Every life possesses the potential to influence those around us. While some artists may prefer solitude, art, by its nature, is meant to be shared and experienced. Certain individuals transcend this relationship between art and audience, profoundly impacting their communities. Social activists like Jean-Michel Basquiat, Keith Haring, and Banksy have left lasting imprints on society. Augusta Savage, a pioneering African American sculptor and educator, stands as a beacon of resilience and hope. Rising to prominence during the Harlem Renaissance, Savage exemplified the transformative power of nurturing relationships. Whether collaborating with peers, mentoring emerging talents, or advocating for inclusivity in the arts, she defied the odds stacked against her as a black female artist rising up in the 1920s and 30s. While many of her masterpieces may have been lost to time, Savage’s legacy endures as a testament to her enduring influence and indomitable spirit.

“I have created nothing really beautiful, really lasting, but if I can inspire one of these youngsters to develop the talent I know they possess, then my monument will be in their work.” —T. R. Poston, “Augusta Savage,” Metropolitan Magazine, Jan. 1935, n.p.

Key Takeaway: Express gratitude for support when it arrives and extend a helping hand to others when possible. Our lives are enriched by the meaningful connections we cultivate.
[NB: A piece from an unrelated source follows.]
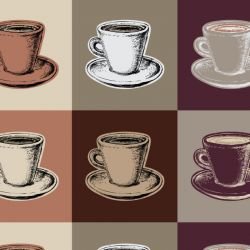 pop art latte alloway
Savage with her sculpture “Realization” in 1938.Credit...Andrew Herman, via The New York Public Library/Schomburg Center

Savage with her sculpture “Realization” in 1938.Credit…Andrew Herman, via The New York Public Library/Schomburg Center

As we conclude our exploration into the wisdom of artists who have achieved greatness, one thing becomes abundantly clear: their lessons are not confined to the realm of artistry. Whether we’re charting our career paths, navigating personal relationships, or pursuing our passions, embracing the perspectives of greatness can illuminate our journeys and propel us towards our own aspirations. So, let us heed the call to learn from the masters of their fields. For in doing so, we may discover that greatness resides not only in the works of art they leave behind, but also within ourselves.